One of the more common themes I brought with me out of the 60’s was, as Creed Bratton’s old Rock Group the Grass Roots put it, “Sha na na na, live for today…” While the rest of the world is worrying about tomorrow the singer 10 grass rootsand his girl will “take pleasure while they can.” At the time of Jeremiah’s prophecy a similar culture had taken “grass roots” in Jerusalem. The people, as a whole, love to live by this philosophy, but especially so when it’s embraced by their leaders. In Israel the political leaders along with the religious leaders have ignored the truth of God’s word and God’s ways, and adopted a philosophy of pragmatic pleasure. They twisted their roles to make the best out of the moment instead of building for a solid future. The closing verses of chapter five, Jeremiah 5:30-31, put it this way, “An appalling and horrible thing has happened in the land: the prophets prophesy falsely, and the priests rule at their direction; my people love to have it so…” But Jeremiah adds a simple little question after his indictment. He asks, “…but what will you do when the end comes?”

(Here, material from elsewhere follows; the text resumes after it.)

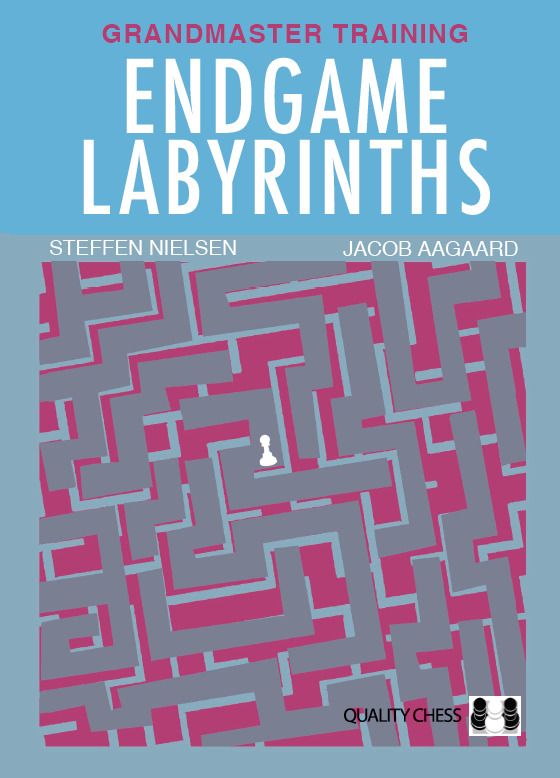 Labyrinthes de fin de partie (Broché) - Labyrinthes de fin de partie (Broché)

I like the way Arnold and Black summarize the situation for us. They write about living in “…the hopelessness of a culture going downhill. One of the clearest, most notable philosophies of television and music is the notion that we must live for today because there might not be a tomorrow. It may be that drug abuse is so high precisely because people are not able to dream about their tomorrow. A culture without God does not think too far into the future.” As the trends of western civilization led through the various philosophies of existentialism to the nihilism of Nietzsche, God is at best irrelevant and at worst He is dead. Thus there are no absolute values and there is nothing truly lasting to live for. This is diametrically opposed to the biblical truths of Christianity.

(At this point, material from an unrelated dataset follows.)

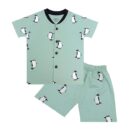 3BROS Baby Boys & Baby Girls Cotton Hosiery Clothing Set Half Sleeves T-shirt with Matching Pants (DB20HS6027_Parent)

Going back to Arnold and Black they say, “In the Christian faith we know a few things with certainty upon which we place our trust. The first is that Jesus will come again. We can wait for that day because we have been promised its fulfillment. The second is that we will reign eternally with God in heaven. We will one day be rid of our trials, tribulations and pains. In the presence of God there is joy and no more pain (Rev 21). As Christians, we have something to live for. We can wake up each day knowing that God is present in our lives and that his priorities will win out. We have hope. Christians can be people of purpose and confidence, living God-centered lives filled with challenge and vision.”[1]

[1] Jeffrey Arnold and Stephanie Black, The Big Book on Small Groups (Downers Grove, IL: InterVarsity Press, 1992).